Friday, August 17, 2012
"Tokyo Girl" by Val McCallum
ARTIST: Val McCallum
SONG: "Tokyo Girl"
WRITERS: Val McCallum, Dillon O'Brian
ALBUM: At the End of the Day
SITE: Val McCallum
BUY: At the End of the Day - Val McCallum
I just heard Val McCallum for the first time about a month ago. I went out to the Ryman Auditorium here in Nashville to see Jackson Browne play, and initially witnessed Val as Jackson's electric guitar player. About halfway through the show, Jackson stepped aside and Val took center stage with a stunning song of his own, "Tokyo Girl," for which he was joined by Jackson and Sara Watkins on harmonies. It was a dreamy performance that made me curious about the rest of his work. I met him later that night and he graciously gave me copy of his brand new solo album, which features the song he played live. In addition to being a part of the very cool L.A. Country/rock outfit, Jackshit, and an artful contributor to others' work, Val McCallum is a soulful singer and songwriter. I'm so glad to have recently made his acquaintance.
BA: Hi Val! Thanks for giving me some of your time.
VM: My pleasure.
BA: Congratulations on the new album, At the End of the Day. Let's talk about the second track, "Tokyo Girl." When I met you a few weeks ago, you told me that this song was a true story about meeting your wife. Will you elaborate on that?
VM: Yes, The song is based on how I met Shelli, my wife, in a bar in Tokyo back in 1990. I was on tour with Wilson Phillips and she was working as a model. I was in a bad way having just lost my mother to cancer and my brother to drug abuse in a six month period and she was dealing with some very heavy family issues herself. We were just so comfortable together right from the get-go.
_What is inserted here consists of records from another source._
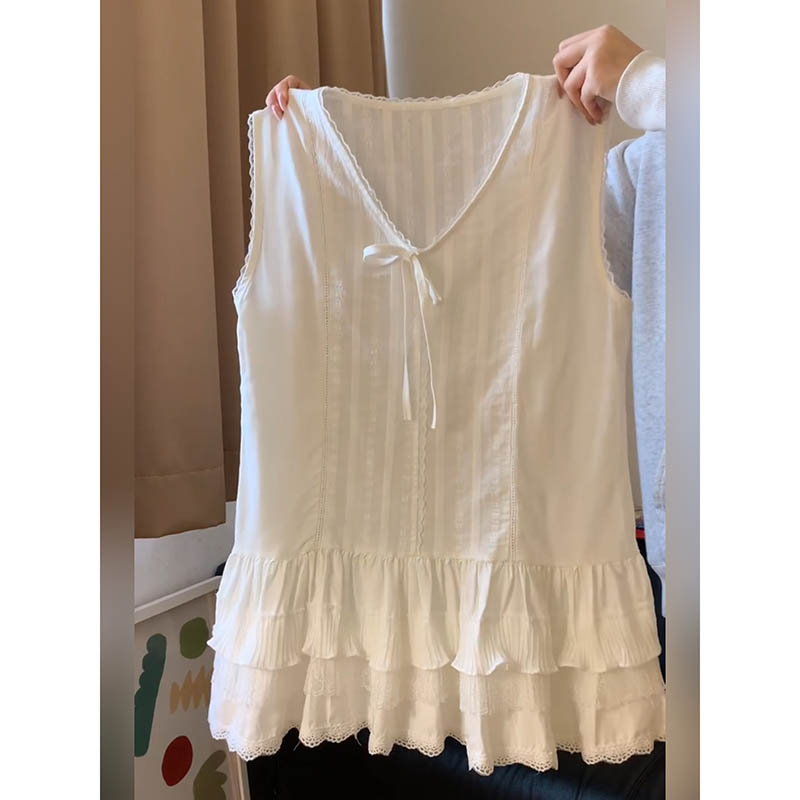 纯欲少女蕾丝蛋糕下摆无袖背心裙百搭叠穿坎肩小众吊带上衣女夏季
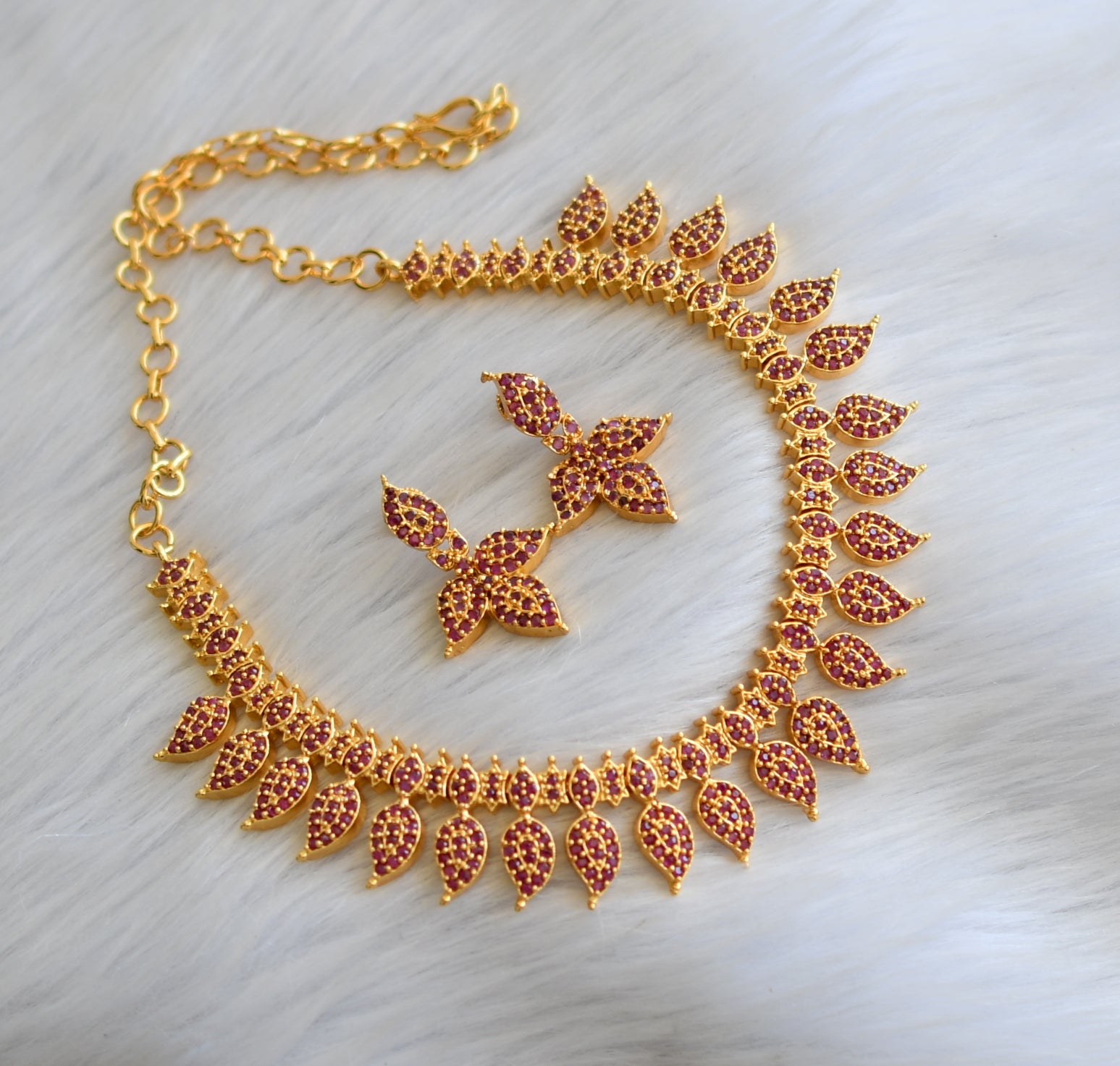Gold tone ruby mango Necklace set dj-40937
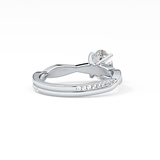 Oval Criss Cross Pave Lab Grown Diamond Engagement Ring
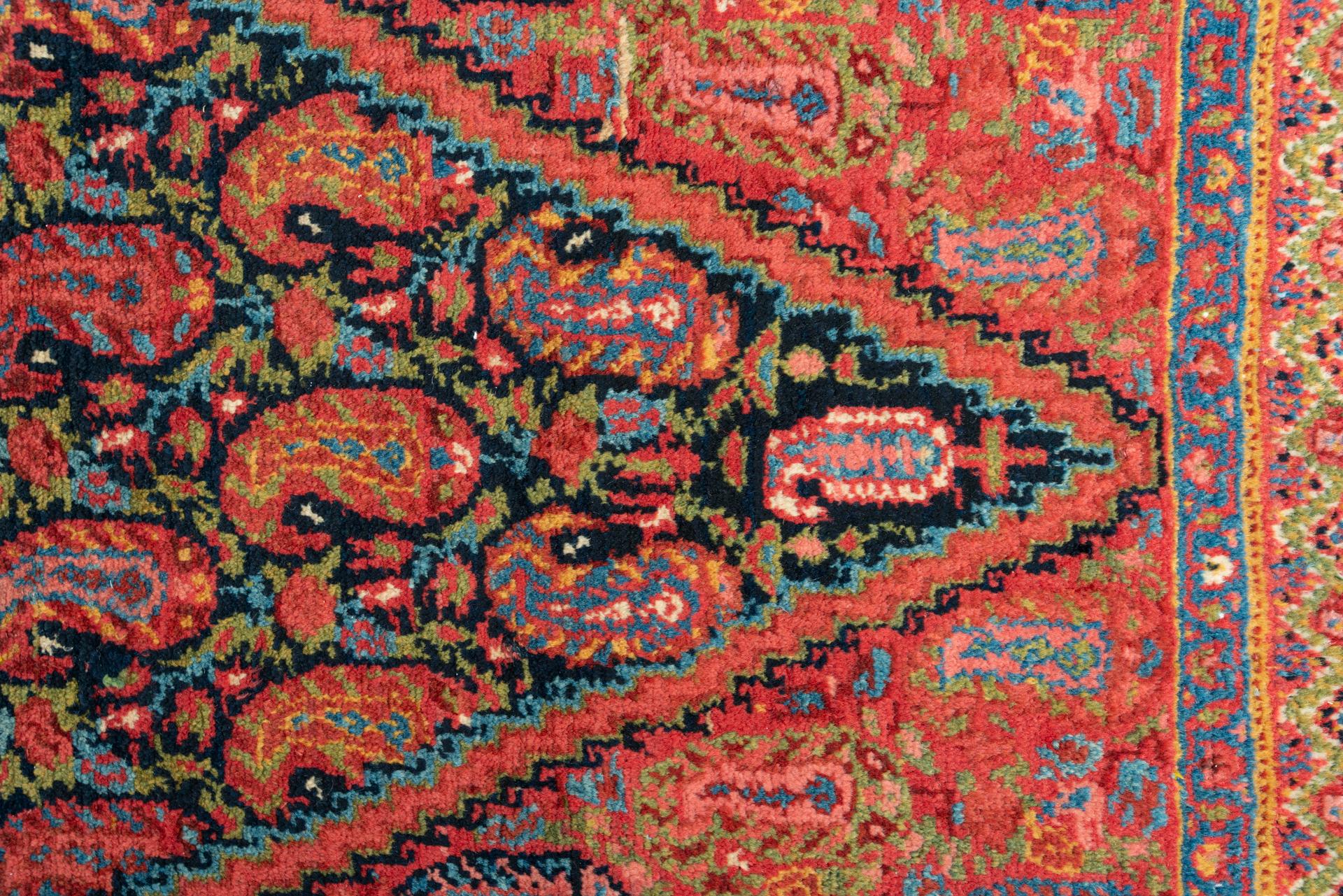 Hand-Knotted Antique Oriental Runner with Paisley Design For Sale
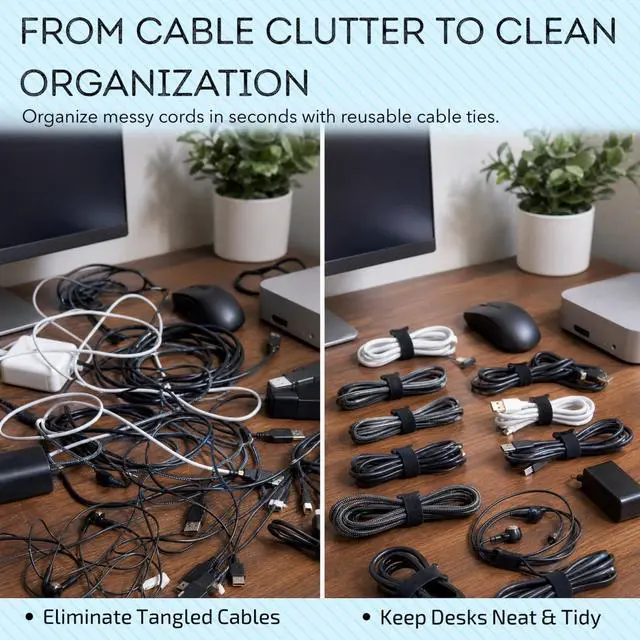 Alt view image 3 of 7 - 60PCS Reusable Cable Ties, 6 Inch Black Hook and Loop Management Straps, Adjustable Cord Wrap Wire Organizer for Home Office TV Computer Cables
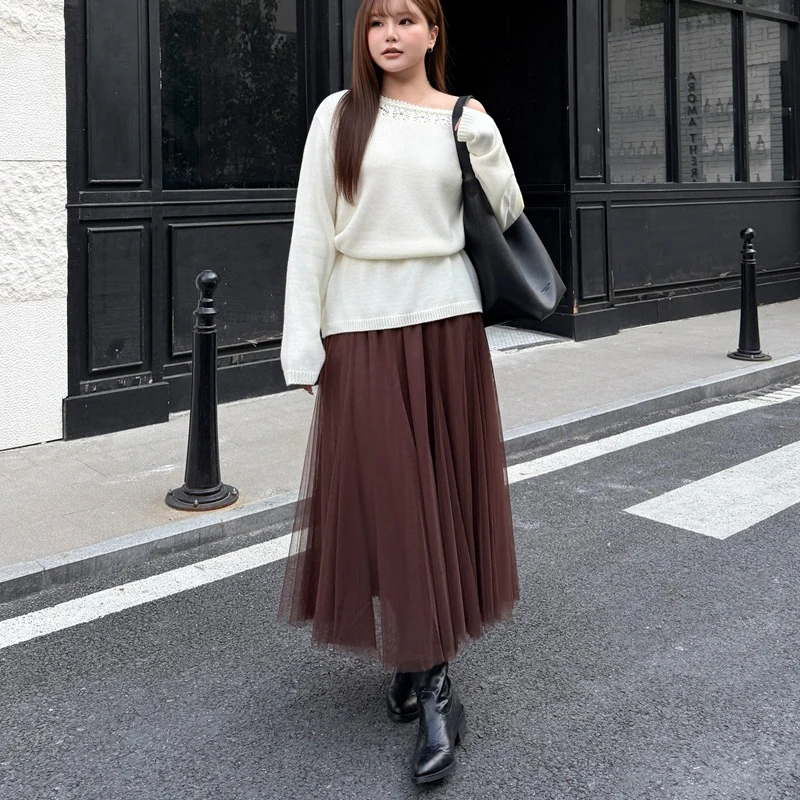 XXXL Fashion Plus Size Women Mesh Skirt Premium Elastic Waist Romantic Coffee Solid Color Bottoms For Autumn Winter 8264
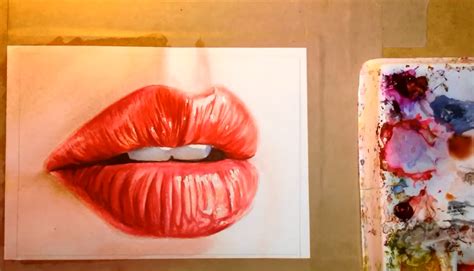 How To Paint An Ultra-Realistic Pair of Human Lips - Beebly's Watercolor Painting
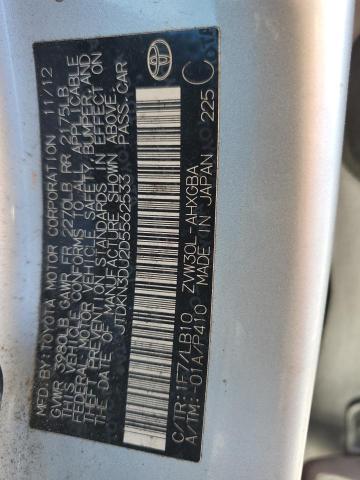 JTDKN3DU2D5562533 - 2013 TOYOTA PRIUS 银色 照片 12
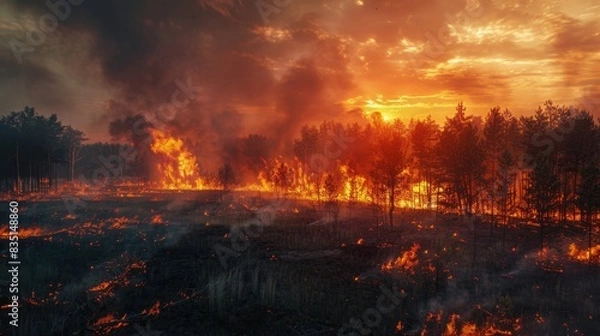 Fototapeta Grass burning in a vast meadow, trees ablaze, smoke spreading, capturing the chaos and destruction of an ecological catastrophe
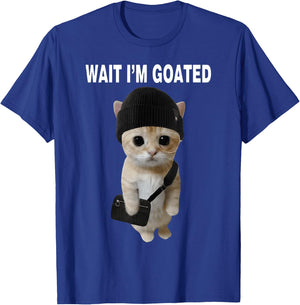 Wait I'm Goated Cat T-Shirt - T-Shirt | Royal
It felt like we had found each other.
BA: I personally favor songs that are about specific people and instances, and this work gives so much detail to that end. I had to look up the reference you make in the first verse, about the Lexington Queen. What was that place like back then?
VM: The Lexington Queen had the feel of an 80's era Beverly Hills night club. It was dark with mirrors and couches surrounding a dance floor. Myself and a few friends were the first to arrive that night, but it wasn't long before the place started filling up with lovely young models from all around the world, dancing and drinking. It was quite the scene. I think I even danced, which is never a great idea, but it didn't seem to scare off Shelli . . . and here we are twenty two years later.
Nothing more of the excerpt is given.